Lincoln'lü veya Lincoln'süz
Haberin Devamı ›
Hazırlık maçlarının böyle sallantılı hali vardır işte: “Bu takım Galatasaray mı?” evet derseniz evet, hayır derseniz de hayır! Karşıyaka topu kaptığında Galatasaray’ın savunma hattına 3-4 adamla yerleşmesine rağmen bunun bir duruş göstermekten öte hiçbir işlevsel yönü yoktu. Lincoln’ün yokluğu tribünlerde belli ölçüde hayalkırıklığı yarattı ama Lincoln’lü veya Lincoln’süz, Galatasaray, rakip sahaya geçer geçmez kaleye inmeyi başarmak zorunda.

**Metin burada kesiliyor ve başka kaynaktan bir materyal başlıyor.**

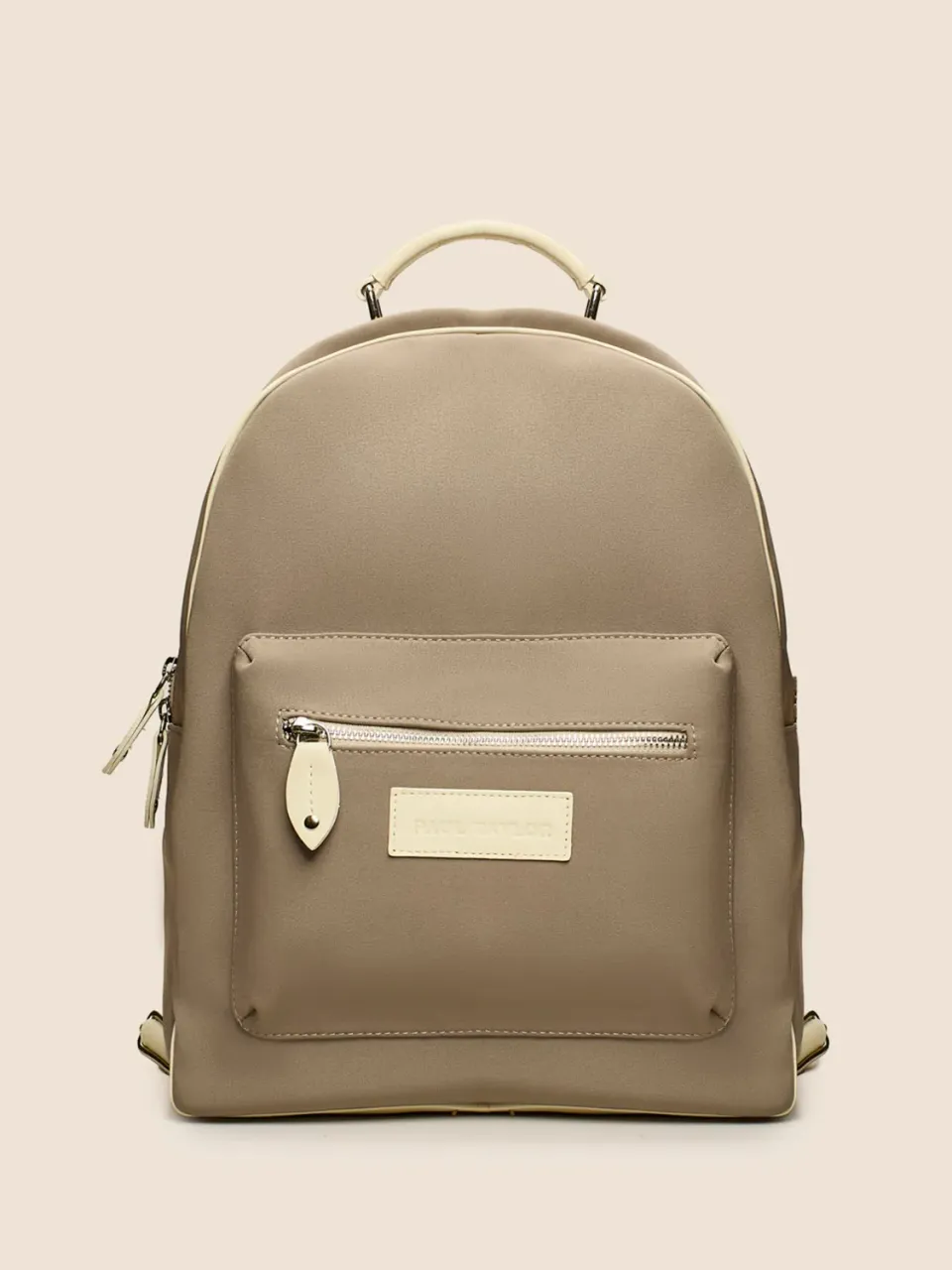 Paul Taylor Zaino Tessuto Tecnico Grigio con Piping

Sahanın iyilerinden olan Okan’ın oyun zekası ve gayreti ile sağ kanat genelde gayet üretken bir görüntü de iken, Arda’nın solda inatla ve artık zekice gözükmeyen bir biçimde çok top tutması yüzünden sürekli tempo ve top kaybettiler. Ardan’nın bu tutumu yapısal bir hale gelirse gayet potansiyelli olan Volkan’ın bindirmelerinden verim almak güçleşecektir. Lincoln’lü veya Lincoln’süz, forvetlerin de çok uyumlu olması gerekiyor. Hakan Şükür, Kalli ile bir yenilenmenin eşiğinde duruyor gibi bir hava verdi, defansın arkasına sayısız koşu yaptı. Enerjik olmasından da önemlisi moralli bir izlenim yaratmasıydı. Ümit Karan kaleye en çok bakan, vuruş yapan ve kaçıran oyuncuydu. Karan, gol kaçırdıkça atmayı daha çok istedi ve birkaç pozisyonda Hakan’a pas vermek yerine vuruş deneyince Hakan da paslarında cimrileşti sanki. Oysa ki Ümit’in kafa ile indirdiği topla Hakan’ın attığı golle, birlikte ne kadar güzel işler yapacaklarını göstermişlerdi. Linderonth’u pek göremedik ancak topu oyuna çok iyi soktuğunu da söyleyemeyiz şimdilik.